The research that has been done often focuses on reform efforts. Many experts have concluded that measures such as anti-bias training or wearing body cameras have little effect on the decisions police officers make. A Yale study from 2017 found that body-worn cameras have "statistically insignificant effects on police use of force and civilian complaints, as well as other policing activities and judicial outcomes."

Experts say body cameras have little effect on police decisionmakingImage: picture-alliance/AP Photo/J. Cortez

Police officers who kill unarmed citizens or use violence against citizens often face few or no consequences, said Niesha McCoy, a member of the Baltimore County Justice Coalition. The group is seeking to establish a model of civilian oversight to hold police in their community accountable. "Police officers have so-called qualified immunity and in some cases of misconduct, officers are merely transferred from one department to another," McCoy said. The qualified immunity doctrine protects police officers from liability when they are accused of violating a person's rights.

Is the individual racist, or society?

When a white police officer kills an unarmed black person, this officer is often referred to as a "bad apple" by colleagues, politicians and the public alike. The term implies the officer in question doesn't represent a bigger problem, but is simply a poorly-behaved individual acting in a rare event.

National security advisor Robert O'Brien took this line on CNN this week, when he was interviewed about the killing of George Floyd, a black man who died in Minneapolis while a white officer was kneeling on his neck and three of his colleagues watched.
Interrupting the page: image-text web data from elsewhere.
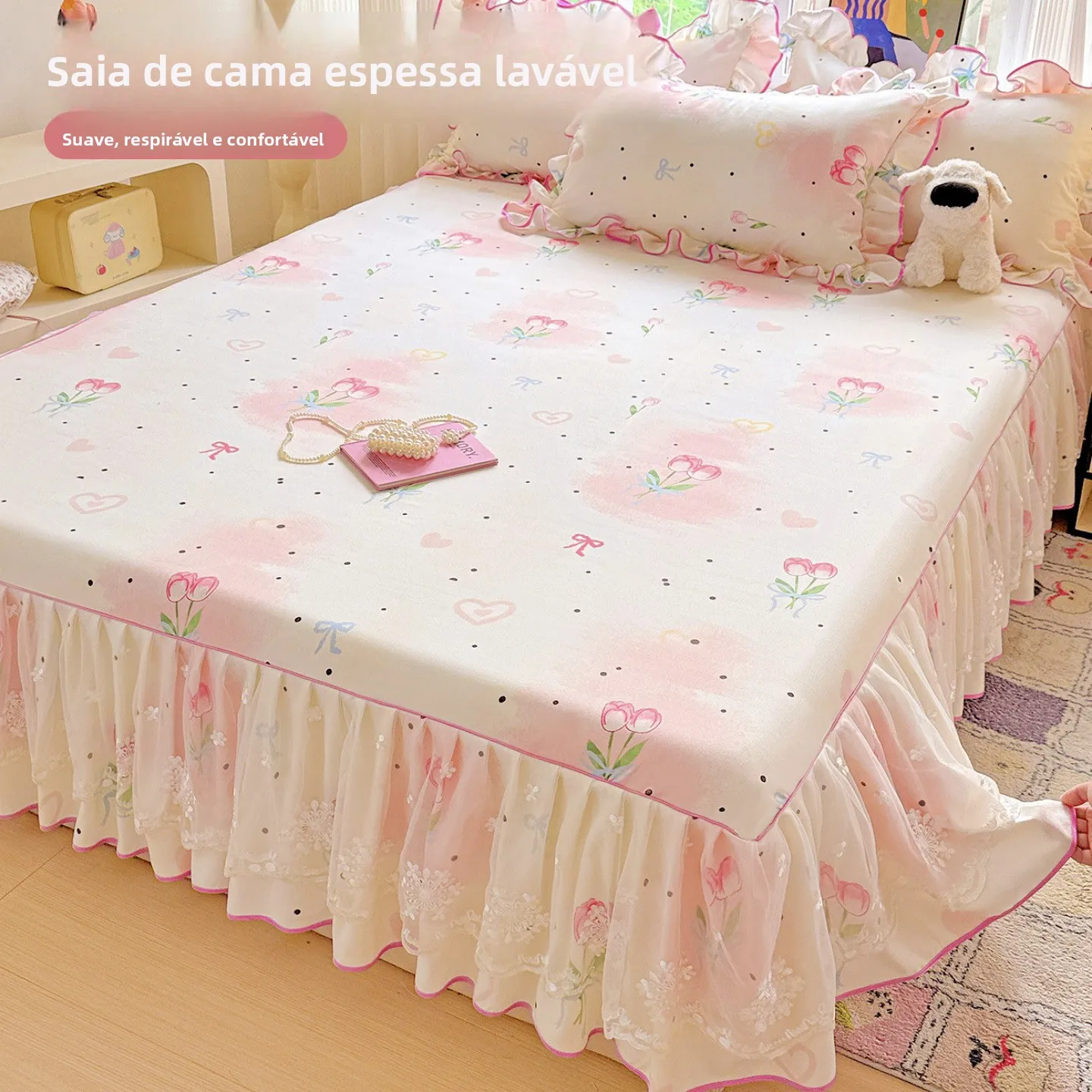 jupe-de-lit-epaissie-avec-bordure-en-dentelle-anti-poussiere-antiderapante-de-style-tablier-piece-unique-en-tissu-polyester-motif-floral-vegetal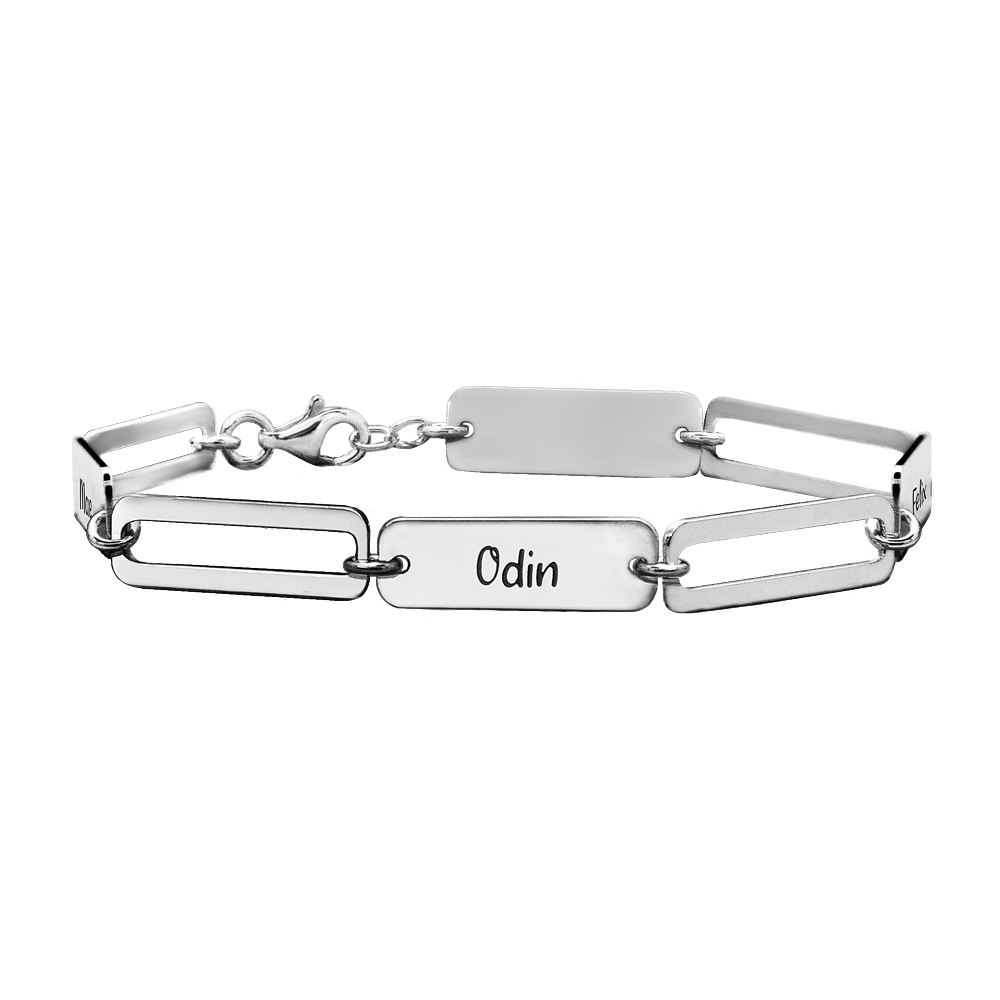Silver Paperclip Bracelet with Names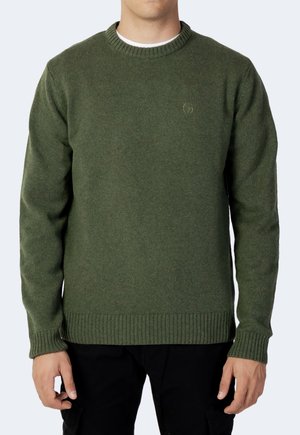 Mand iført en olivengrøn strikket sweater med ribstrikkede manchetter og kant, stående foran en ensfarvet lys baggrund.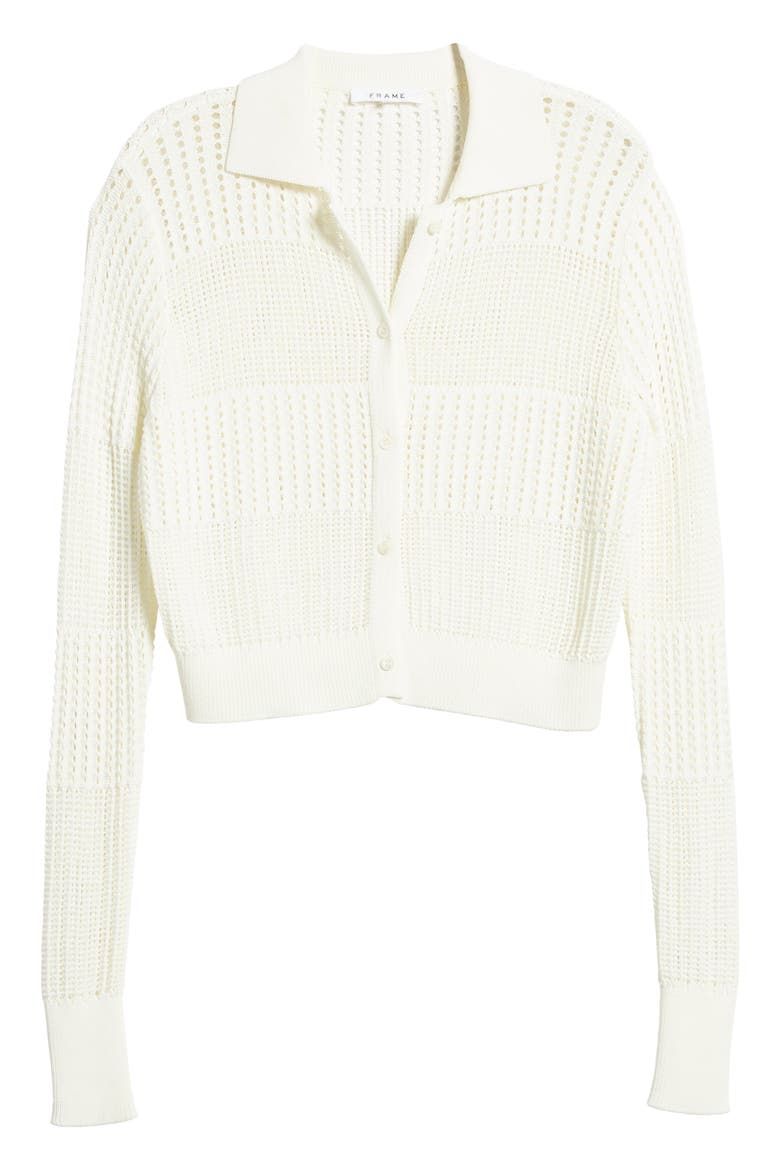 Open Stitch Shrunken Cardigan, Alternate, color, OFF WHITE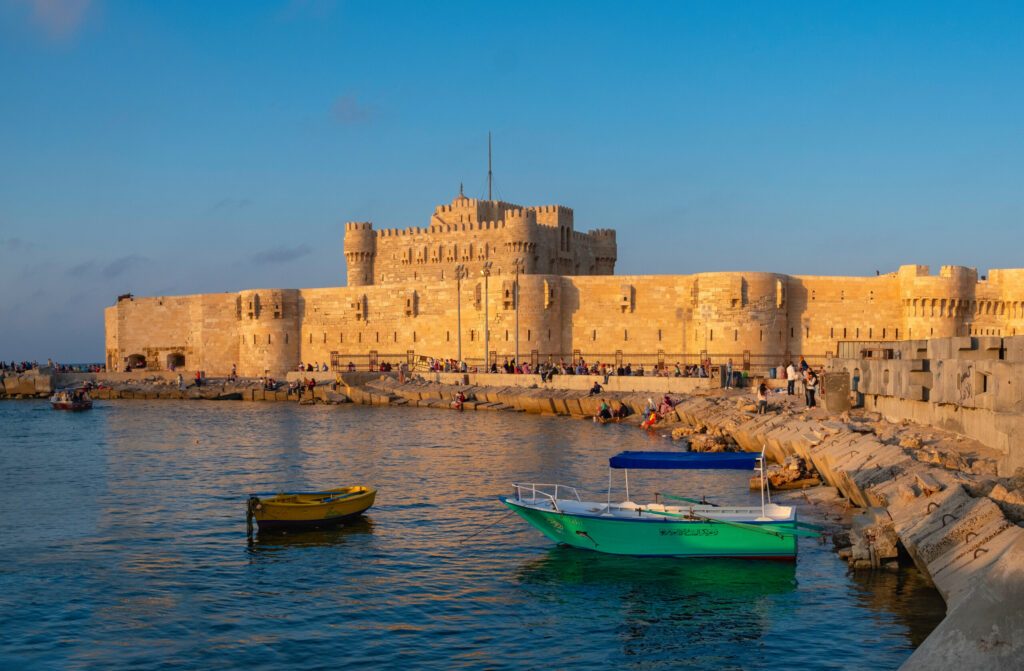 The Citadel of Qaitbay (The Fort of Qaitbay), fortress erected on the exact site of the famous Lighthouse of Alexandria, Egypt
"I don't think there is systemic racism," said O'Brien. "I think 99.9% of our law enforcement officers are great Americans. But you know what, there are some bad apples."

Sociologist Alyasah Sewell disagrees and believes it is not enough to focus on individual police officers. "A bad cop is a bad seed," she said. "It creates a system of networks that support it. If you cut through an apple you don't get to the seed until you are halfway through the apple. But if that seed is rotten everything you cut through is living off of that infection."

History lives on in today's police agencies, according to Sewell, whose research focuses on structural racism. "You really have to go back to slavery," they said. "Slave patrols evolved into what police are today. The police think black and brown people are criminals just by looking at them. And once you call someone a criminal, you have the right to remove them from society."

Violence from federal and state agencies is not only tolerated, some say it is encouraged by the president himself. At the beginning of the week, Donald Trump told governors that their response to the ongoing protests had been weak. "If you don't dominate, you are wasting your time. They are going to run you over. You are going to look like a bunch of jerks. You have to dominate," Trump said.